(Web page caption snippets)
▼
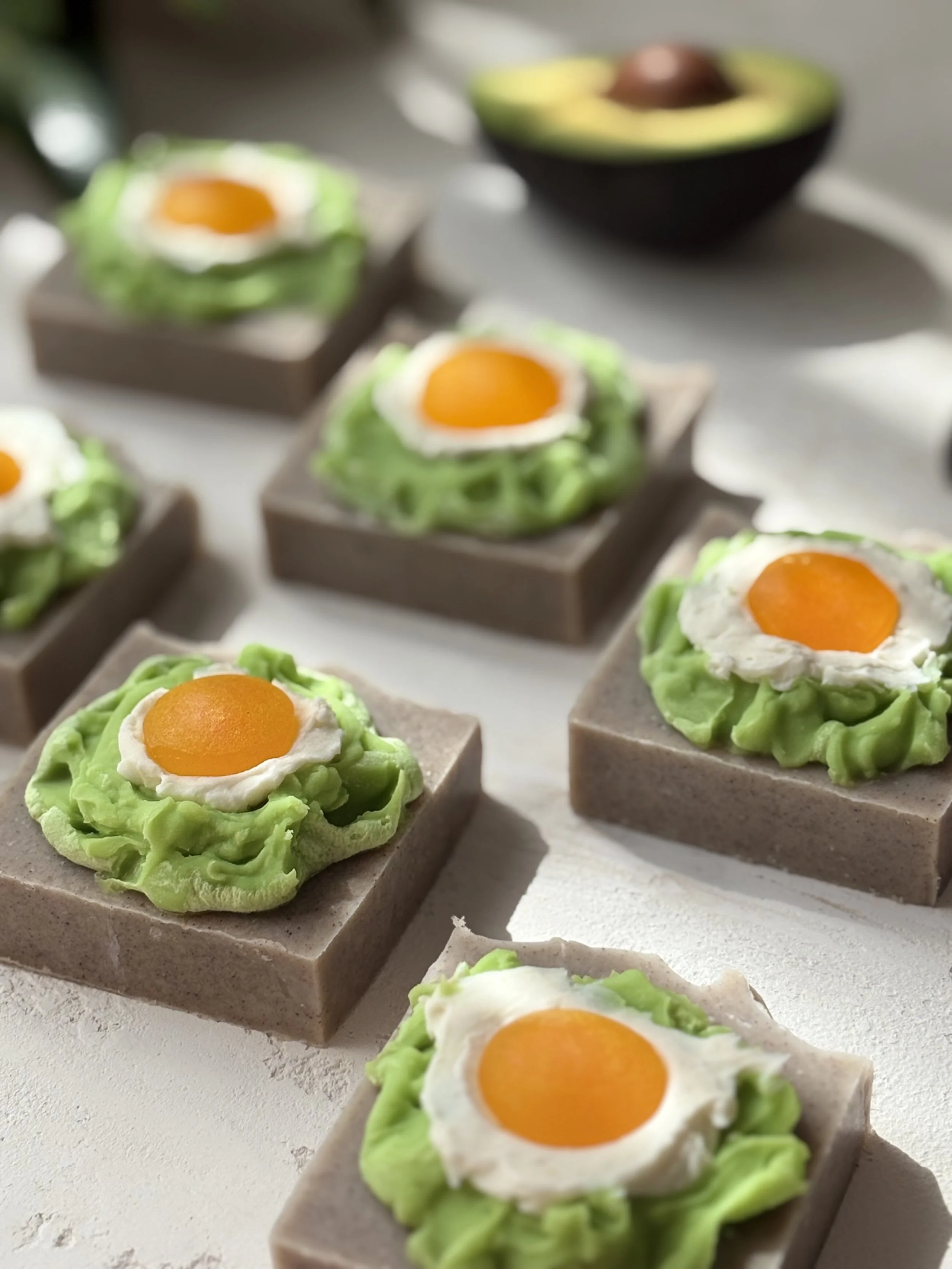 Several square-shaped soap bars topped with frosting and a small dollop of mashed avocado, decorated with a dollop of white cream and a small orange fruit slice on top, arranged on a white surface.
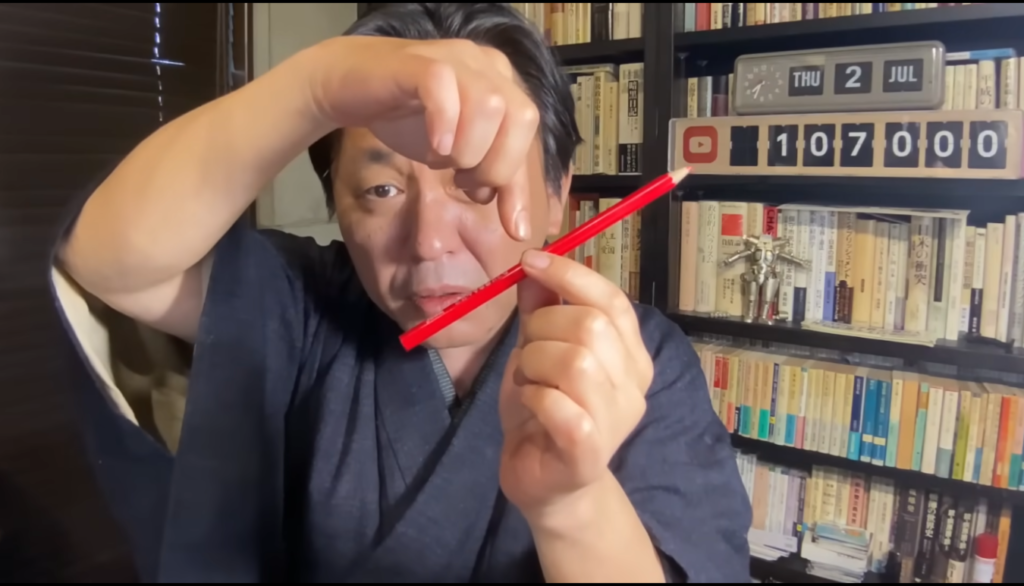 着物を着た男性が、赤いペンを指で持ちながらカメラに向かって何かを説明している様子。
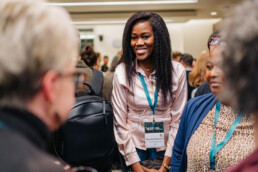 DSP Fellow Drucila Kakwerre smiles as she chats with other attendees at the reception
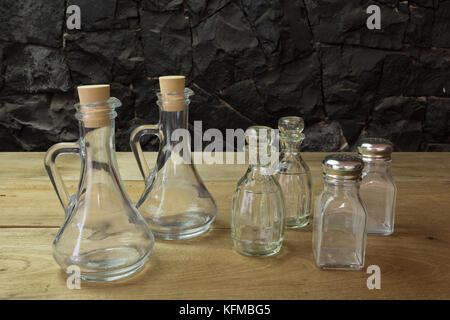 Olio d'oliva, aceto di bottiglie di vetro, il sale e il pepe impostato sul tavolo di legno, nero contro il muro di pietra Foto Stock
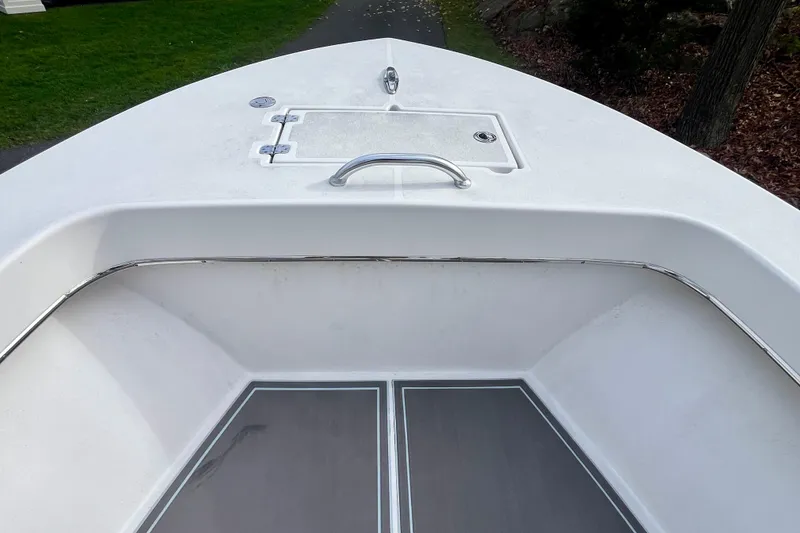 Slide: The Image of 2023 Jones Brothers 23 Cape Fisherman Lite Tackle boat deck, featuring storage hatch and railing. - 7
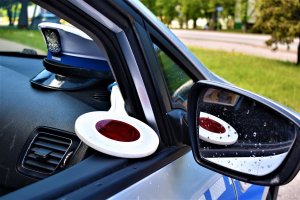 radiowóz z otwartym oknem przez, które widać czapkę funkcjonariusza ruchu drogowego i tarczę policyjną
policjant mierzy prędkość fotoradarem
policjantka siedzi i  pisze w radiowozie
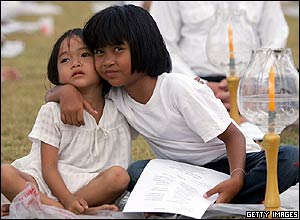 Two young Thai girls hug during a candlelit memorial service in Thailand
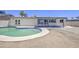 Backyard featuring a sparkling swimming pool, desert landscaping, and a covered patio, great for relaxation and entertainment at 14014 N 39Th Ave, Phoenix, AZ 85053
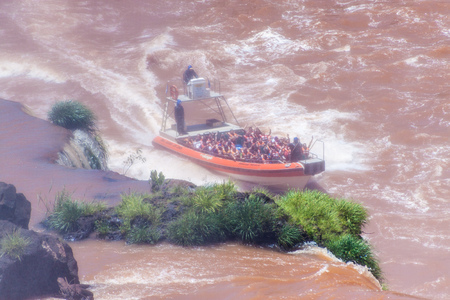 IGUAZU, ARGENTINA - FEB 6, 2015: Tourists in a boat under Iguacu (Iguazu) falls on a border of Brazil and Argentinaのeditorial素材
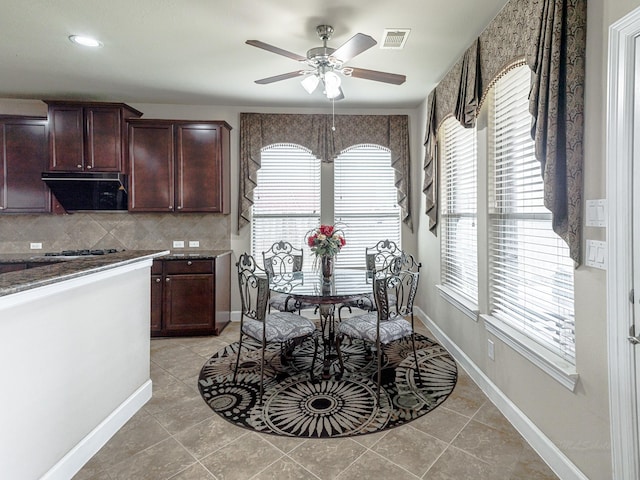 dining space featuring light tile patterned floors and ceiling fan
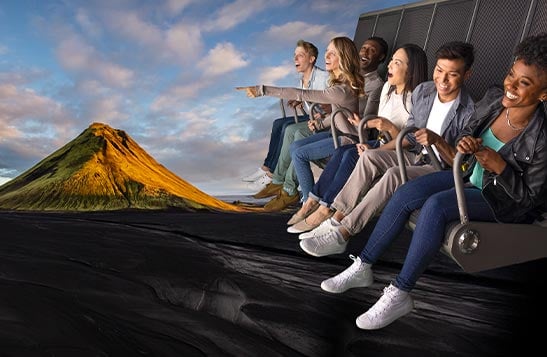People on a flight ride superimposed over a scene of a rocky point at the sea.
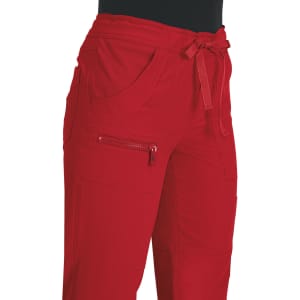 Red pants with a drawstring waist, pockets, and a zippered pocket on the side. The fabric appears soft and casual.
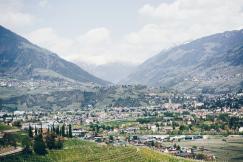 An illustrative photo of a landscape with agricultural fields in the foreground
▲
▸ Goal of the exercise: Transcribe exactly each line of the records from the start up to and including the one with "着物を着た男性が、赤いペンを", and leave out every picture.

▸ Task answer:
 Several square-shaped soap bars topped with frosting and a small dollop of mashed avocado, decorated with a dollop of white cream and a small orange fruit slice on top, arranged on a white surface.
 着物を着た男性が、赤いペンを指で持ちながらカメラに向かって何かを説明している様子。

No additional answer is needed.